On parle d’une nouvelle société nationale de transport maritime…
Soyons clairs. L’État n’a pas l’intention de créer une nouvelle entreprise publique ou de remettre sur pied la défunte Société ivoirienne de transport maritime. Nous voulons simplement promouvoir les initiatives privées. Le transport routier régional est onéreux en raison du racket, le fret aérien reste cher. Il y a un marché potentiel pour les sociétés de transport maritime qui feraient du cabotage dans la sous-région.
Le port de San Pédro, dans l’Ouest, est en plein essor. Y voyez-vous concurrence ou complémentarité ?

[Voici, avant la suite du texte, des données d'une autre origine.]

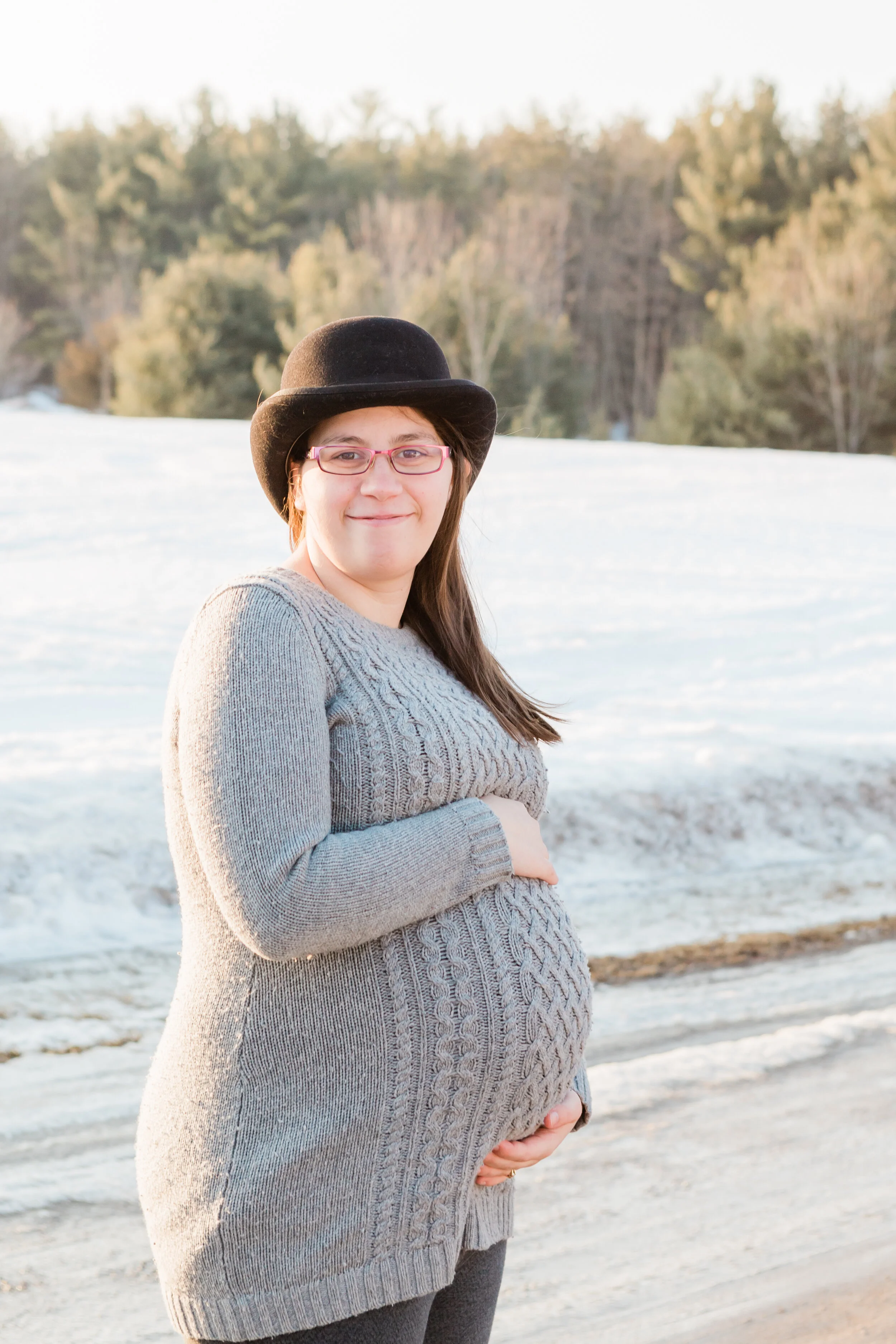 Rachel&KeelanMaternity_EmilyMaeAnnPhotography-3.jpg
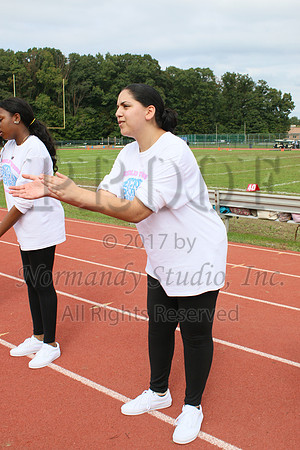 FTH_058_pr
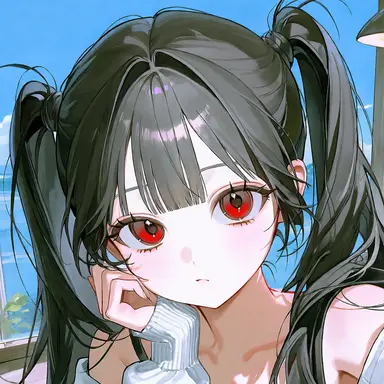 Profile image of 緋音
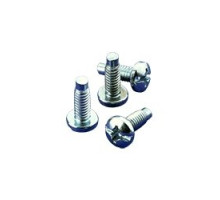 HOFFMAN ENCLOSURES INC  AS1032250   Screw Packages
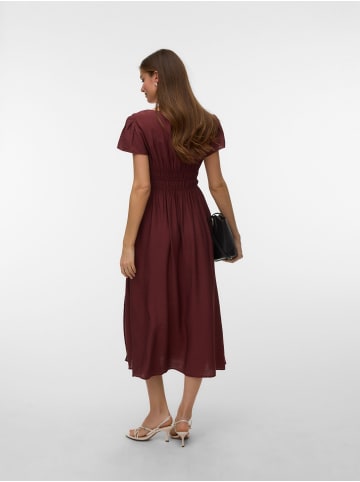 Vero Moda Kleid in Andorra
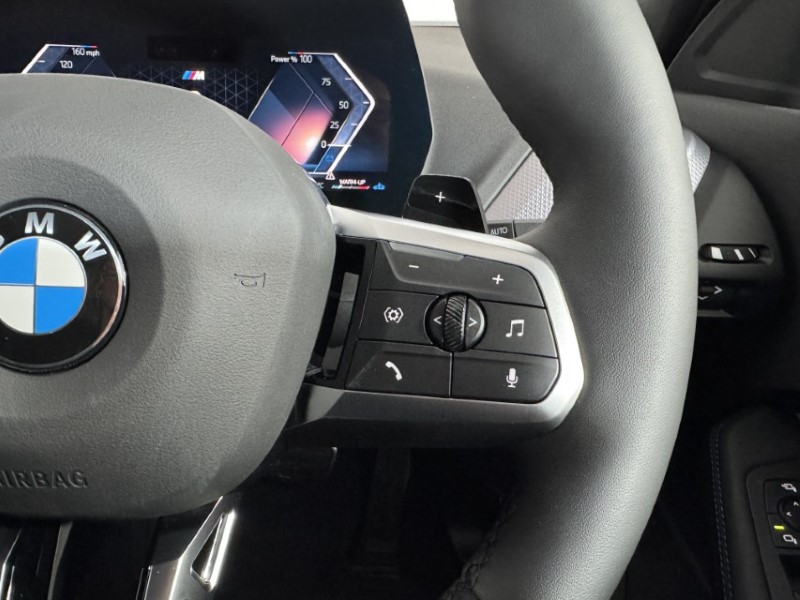  BMW 1 SERIES 120 M Sport 5dr Step Auto [Tech PLUS Pack] 5281547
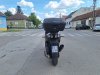 Slika 4 - Piaggio MP3 Yourban - MojAuto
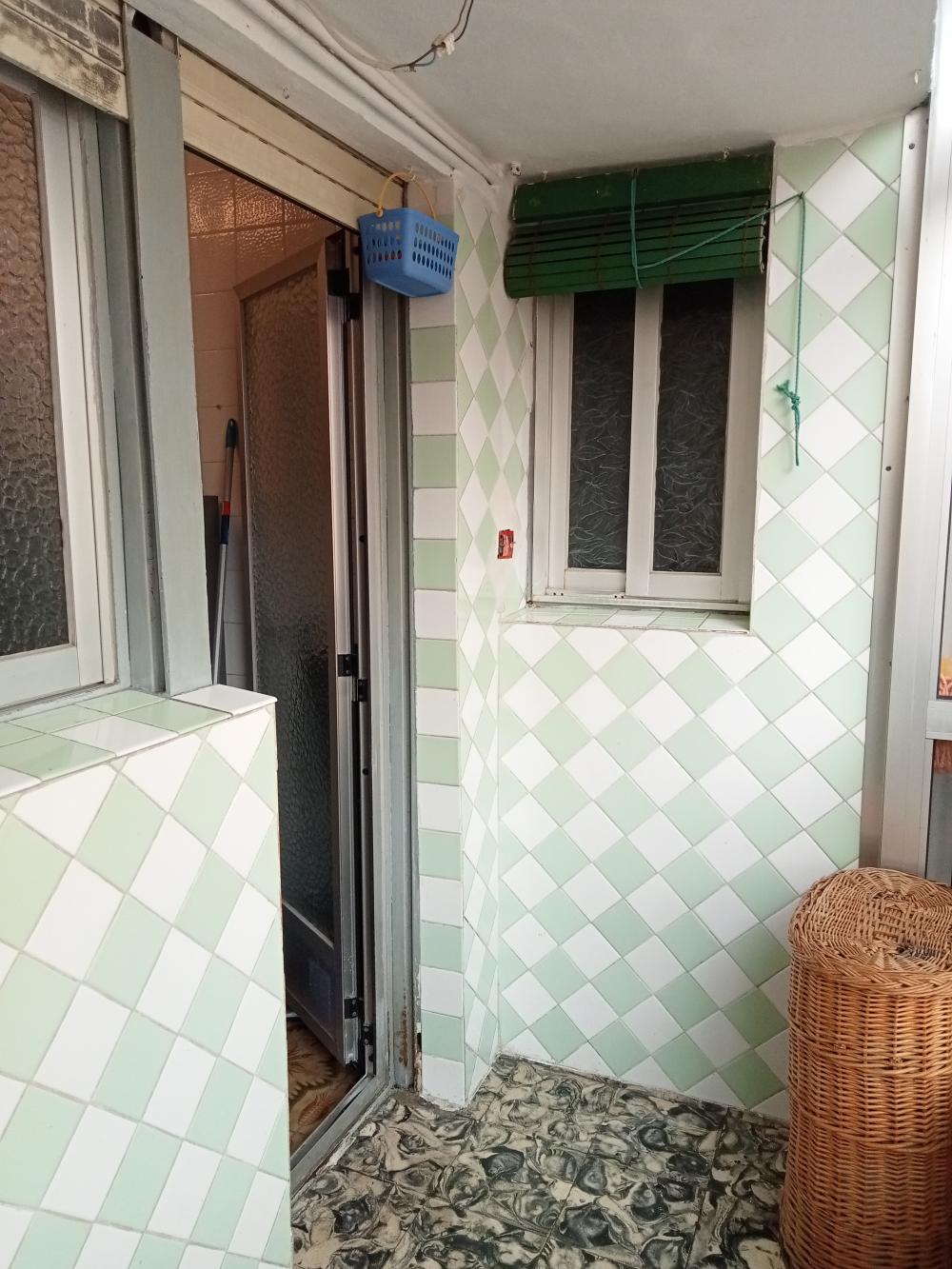 en venta apartamento Sagunto Camp De Morvedre 17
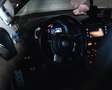 Toyota GT86 - thumbnail 5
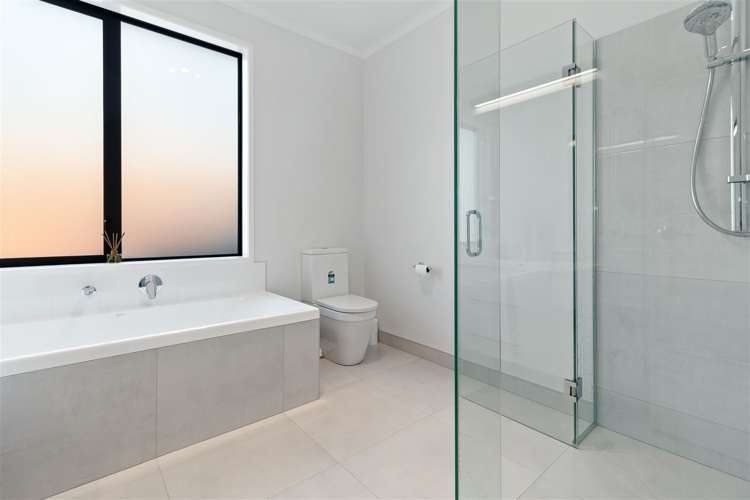 44 Spikes Way Whitianga_11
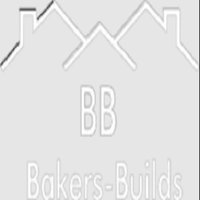 Bakers Builds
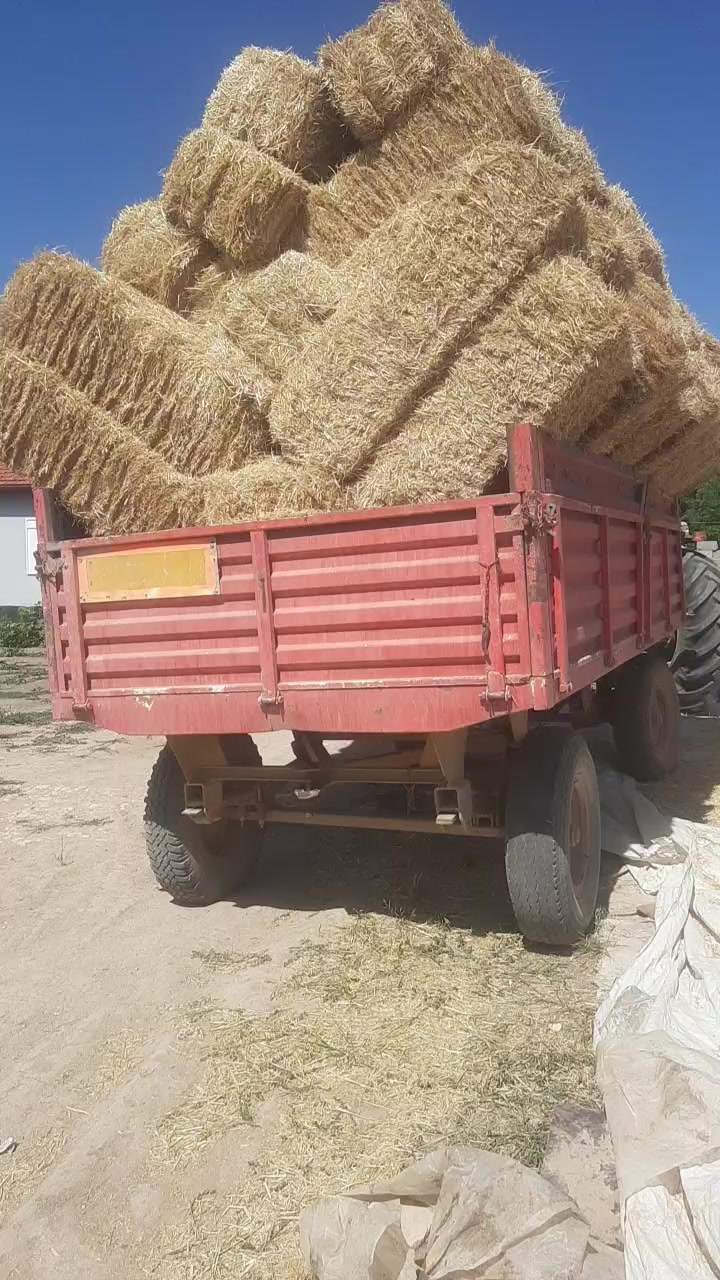@&ouml;zen krbck 42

Nos deux ports sont complémentaires. Le PAA restera la principale porte d’entrée des marchandises en Afrique de l’Ouest. L’extension du port de San Pédro, confiée à l’armateur européen MSC avec la participation financière de la Banque africaine de développement, va lui permettre d’accroître son trafic de marchandises et notamment d’embarquer le coton malien. Ce port a également vocation à traiter les minerais comme le fer de la région de Man. Et de favoriser les échanges avec la Guinée voisine et le Liberia.
En 2018, la concession de la SETV (Bolloré) arrivera à expiration. Préconisez-vous un appel d’offres ?
On peut aussi simplement reconduire la concession de la SETV dont nous sommes très satisfaits. Vincent Bolloré a investi dans la modernisation des activités au-delà de nos espérances.